● WHAT TO DO: Where the line containing "(10) quatro inteiros, ordem" appears in the entries below, start there and print only that line and every line after it, exactly, through the end, excluding pictures.

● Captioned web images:
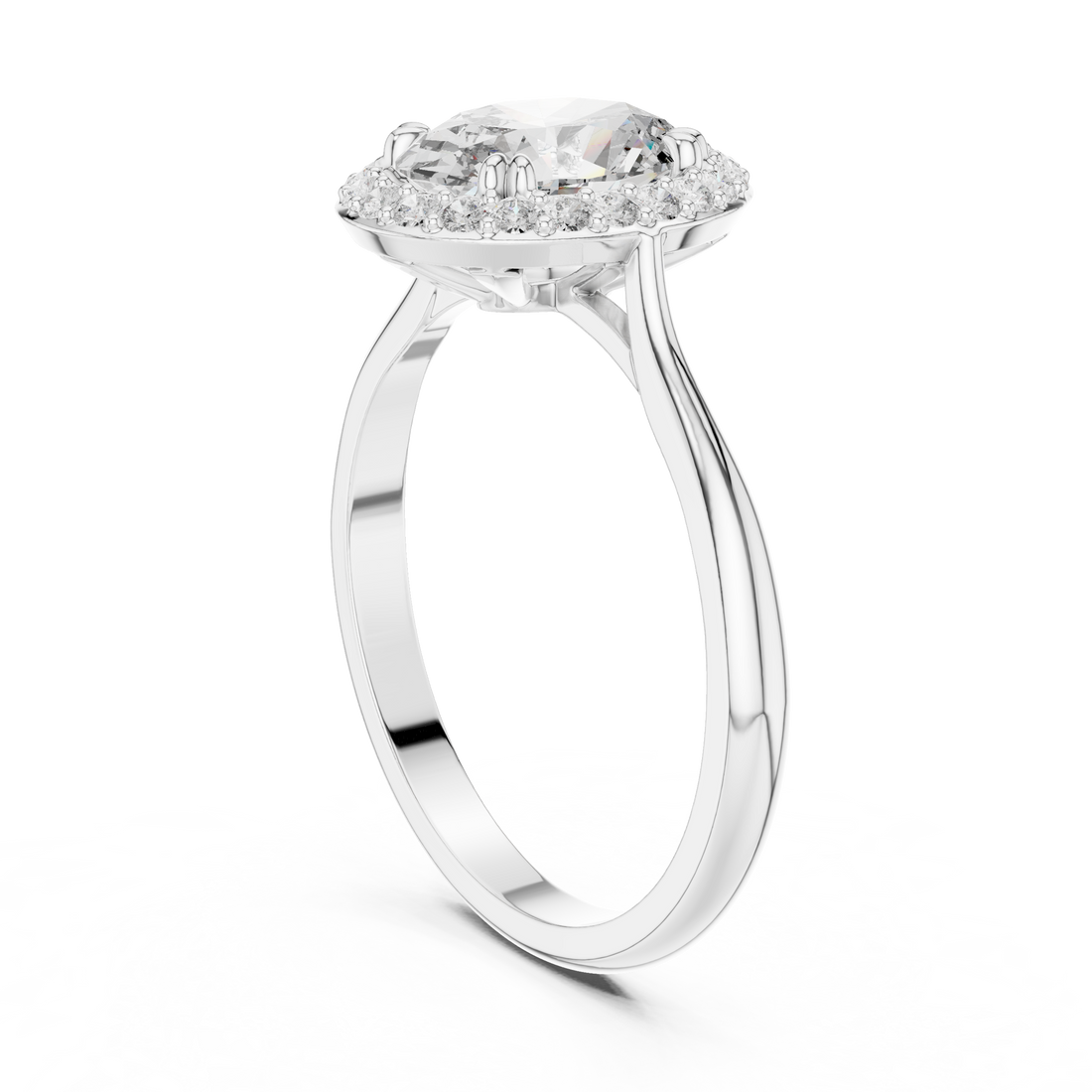 00001L (20) - Fashion Oval Ring - White Gold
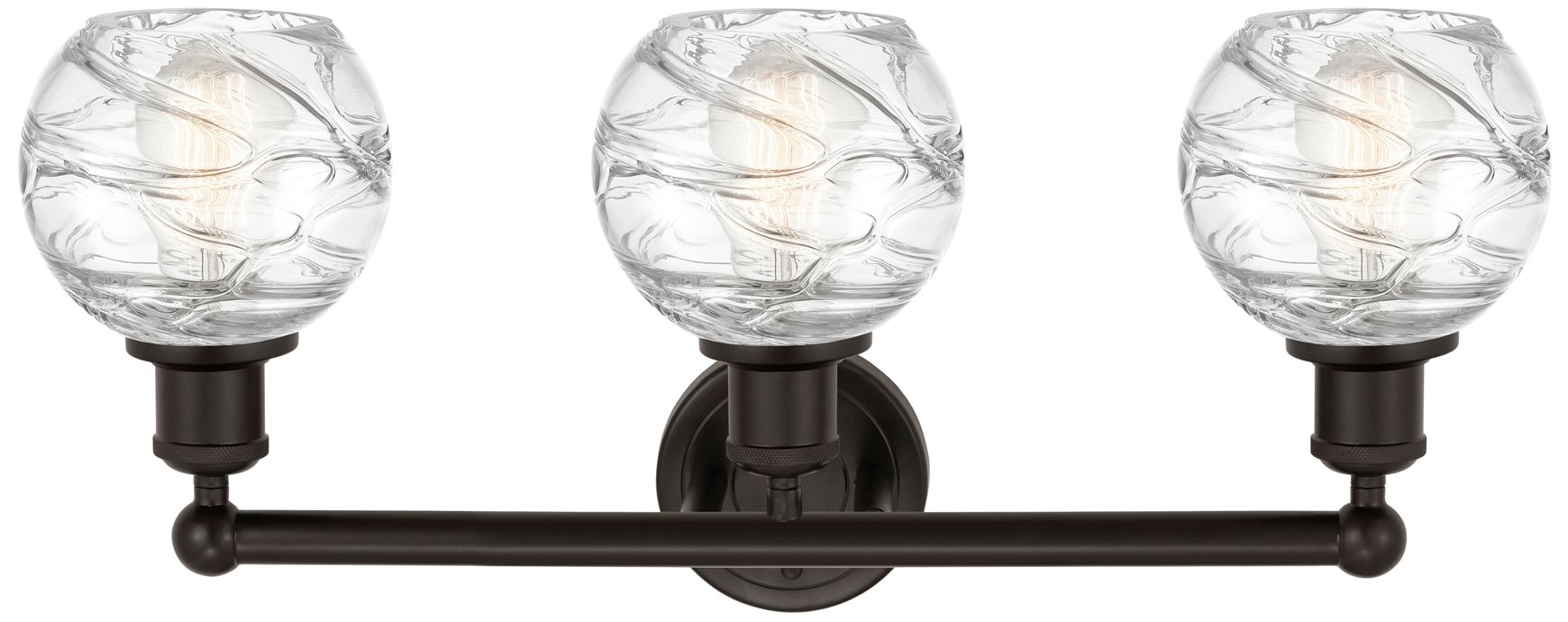Image 2 Athens 24" 3-Light Oil Rubbed Bronze Bath Light w/ Clear Deco Swirl Sh more views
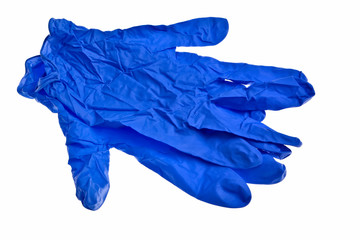 Dark blue latex gloves isolated over white background.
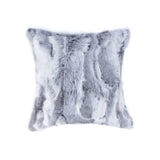 5" X 18" X 18" 100% Natural Rabbit Fur Grey Pillow - Homeroots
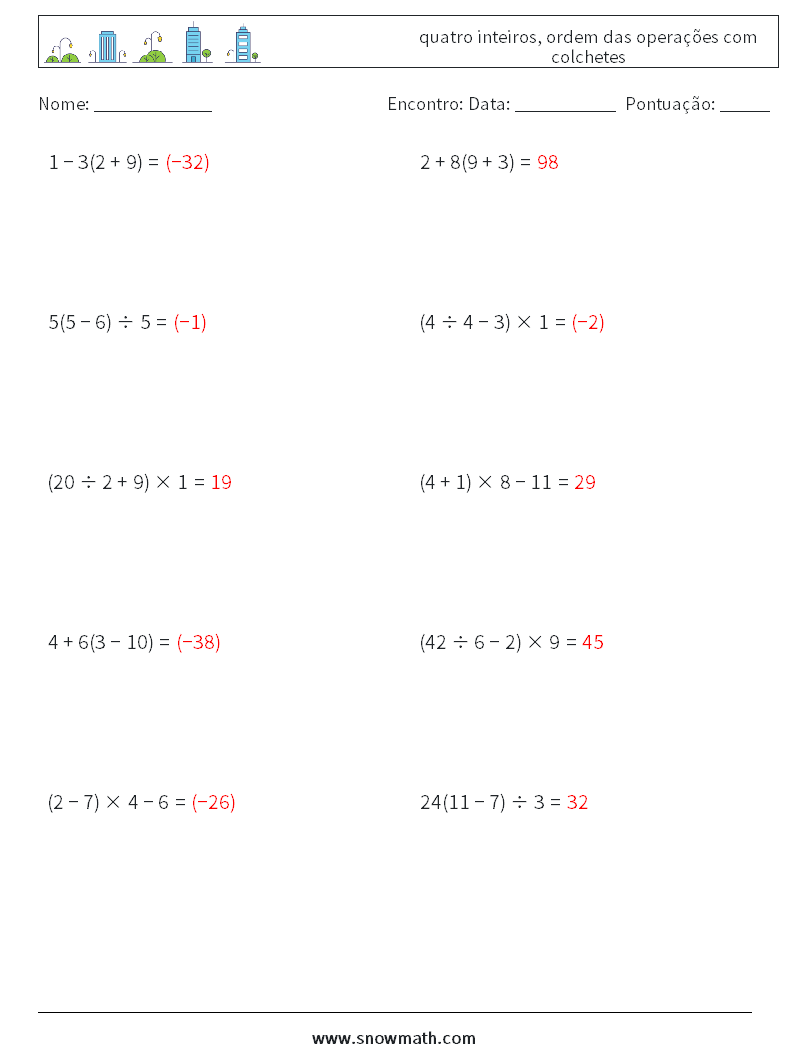 (10) quatro inteiros, ordem das operações com colchetes planilhas matemáticas 17 Pergunta, Resposta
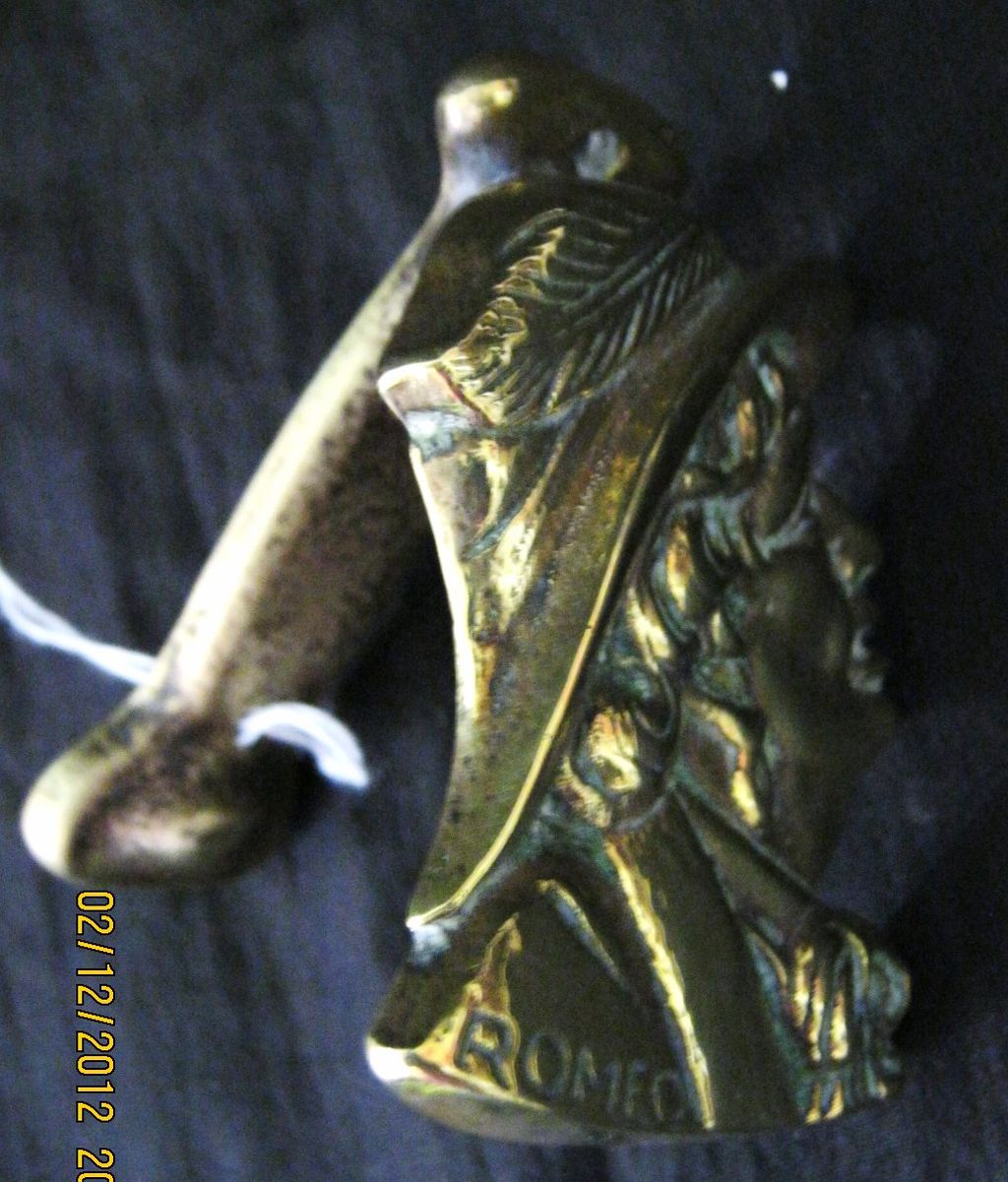 Old 'ROMEO' Brass Door Knocker Circa 1910 Old 'ROMEO' Brass Door Knocker Circa 1910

● EXERCISE RESULT:
 (10) quatro inteiros, ordem das operações com colchetes planilhas matemáticas 17 Pergunta, Resposta
 Old 'ROMEO' Brass Door Knocker Circa 1910 Old 'ROMEO' Brass Door Knocker Circa 1910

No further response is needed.